Looking specifically at the risk patterns that the Middle East is faced with, Matthew Burnard, Director at specialist consultancy, Control Risks, added: “Overall, terrorism threats to business continue to diminish across the region and regional counterterrorism capabilities remain effective, especially in the GCC countries.

“In the longer term, we are keeping a close eye on security threats driven by climate change. Droughts, floods, cyclones and extreme heat are becoming more frequent and more disruptive in the broader region.”

The Kingdom of Saudi Arabia

From a technological and security standpoint, the Kingdom of Saudi Arabia is one of the region’s most rapidly developing countries. And, with the stage well and truly set for a fully booked Intersec Saudi Arabia – the Kingdom’s largest trade fair for security, safety and fire protection – its long-awaited return in Riyadh (13-15 September 2022) will bring together 150 exhibitors from 20 countries.

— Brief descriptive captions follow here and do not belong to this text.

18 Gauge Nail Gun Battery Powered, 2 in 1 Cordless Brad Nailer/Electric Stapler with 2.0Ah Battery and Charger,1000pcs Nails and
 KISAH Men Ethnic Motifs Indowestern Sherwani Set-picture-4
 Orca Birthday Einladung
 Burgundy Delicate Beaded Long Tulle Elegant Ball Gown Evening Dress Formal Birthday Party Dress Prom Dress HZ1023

Taking place at the Riyadh International Convention & Exhibition Centre, Intersec Saudi Arabia’s fourth edition will be covering commercial security, homeland security, fire and safety and cybersecurity.

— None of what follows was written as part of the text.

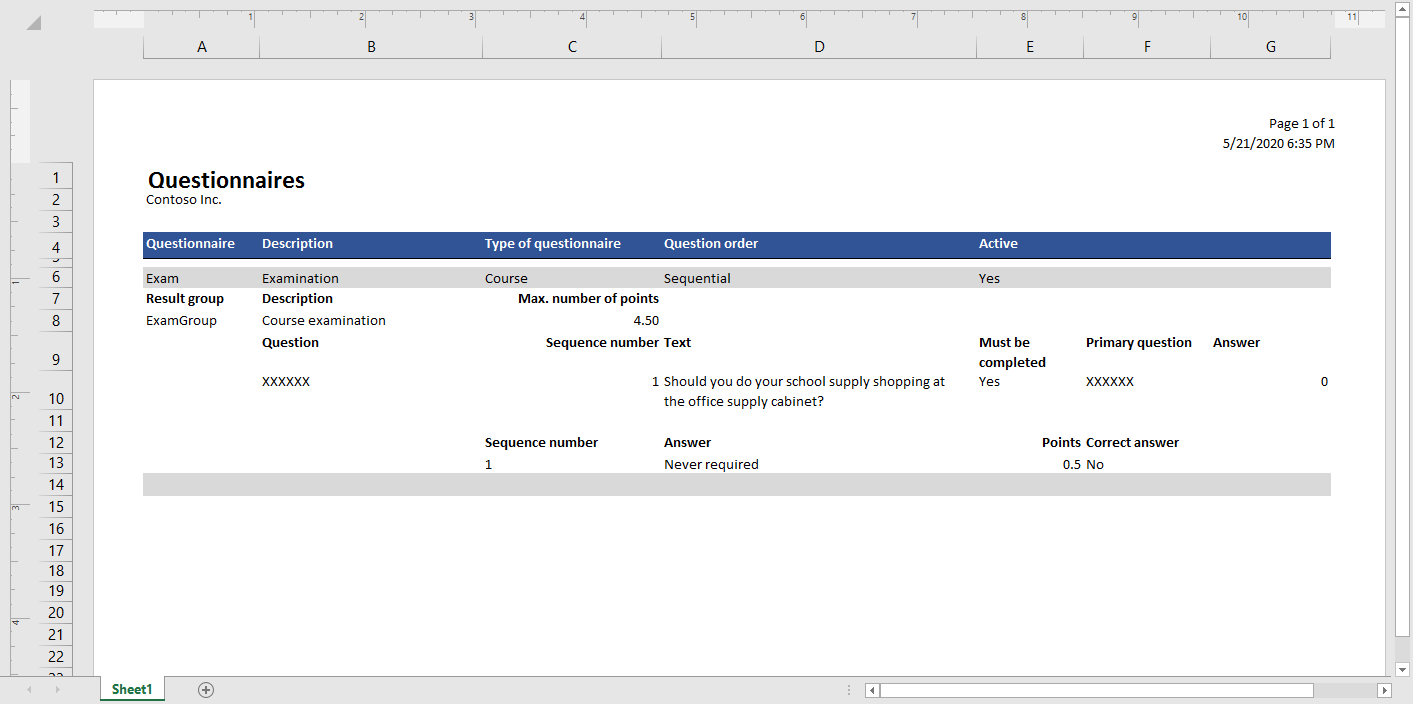 Excel-Vorlage zum Drucken bestimmter Fragebögen.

As Alex Nicholl, Intersec’s Director, explained: “Safety and security is high on the agenda of Saudi’s Vision 2030 and there is a perennial requirement for safety and security products, fire protection and the accompanying innovations, all of which will be on display this year.”

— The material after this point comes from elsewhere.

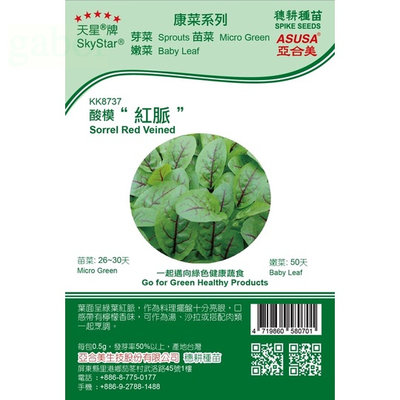 種子王國 酸模'紅脈'Sorrel Red Veined【芽菜種子】天星牌 健康蔬菜 約0.5公克/包 原包裝種子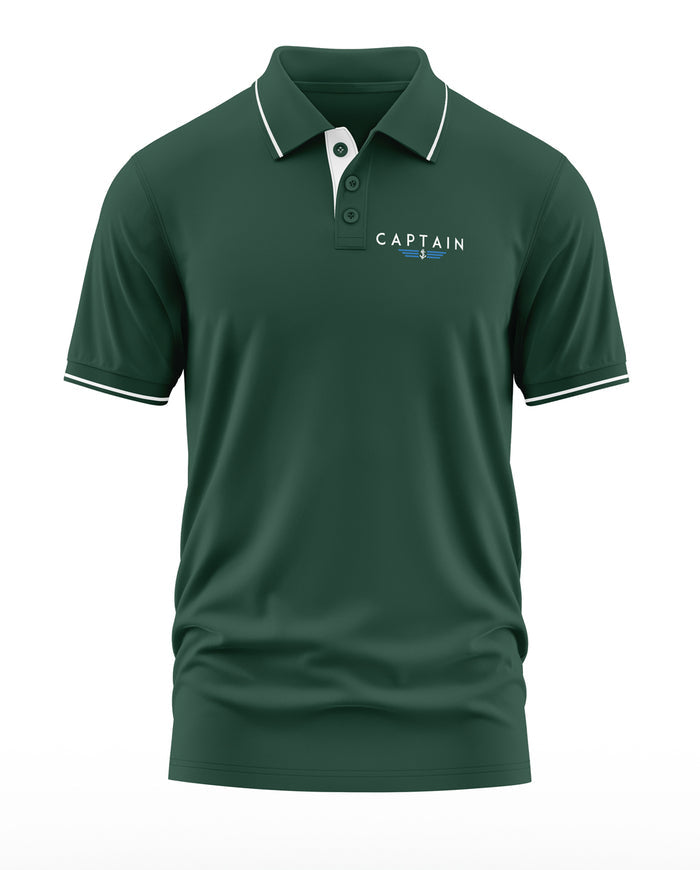 Dark green men's polo t-shirt with white piping and 'Captain' chest logo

Peter French MBE, CEO, SSR Personnel explored how security is developing in the Kingdom and beyond: “Wage inflation in 2022 will be 4% in the Kingdom of Saudi Arabia; this is driven by a continuing expanding job market as a result of COVID-19 recovery and the KSA 2030 vision for business and tourism.

“Over the last four years KSA has created more than 555,000 new jobs which will continue as there are USD 1 trillion worth of infrastructure and commercial projects planned as they diversify away from an oil economy.

“In July, the Public Prosecution department sent a reminder to all privately licensed security companies that the localised employment law, Nitaqat, requires workers, including guards, to be Saudi nationals. Violators face temporary closure, fines or cancellation of company licenses. Saudisation now requires that mostly nationals be recruited, for occupational health and safety jobs, which has created strong interest from young Saudis for compliance roles in the private sector. 

“Gulf Cooperation Council countries in 2022 have seen growth in fixed term jobs for expatriates, particularly in the UAE and Qatar. With the FIFA world cup only months away, the Qatari Government estimates tourism and hospitality would create 1.5 million jobs for the event.

“In Q2 of 2022, the Kuwait Communications and Information Technology regulatory authority announced the Kuwaitisation of information security across all sectors. In addition, Oman has been on a strong localisation drive; they announced a further 207 job categories where expatriate workers must be replaced by Omani nationals including watchmen and security officers.

“Despite localisation, countries are still vying for talent, offering enhanced bonuses and benefits during this period of growth.”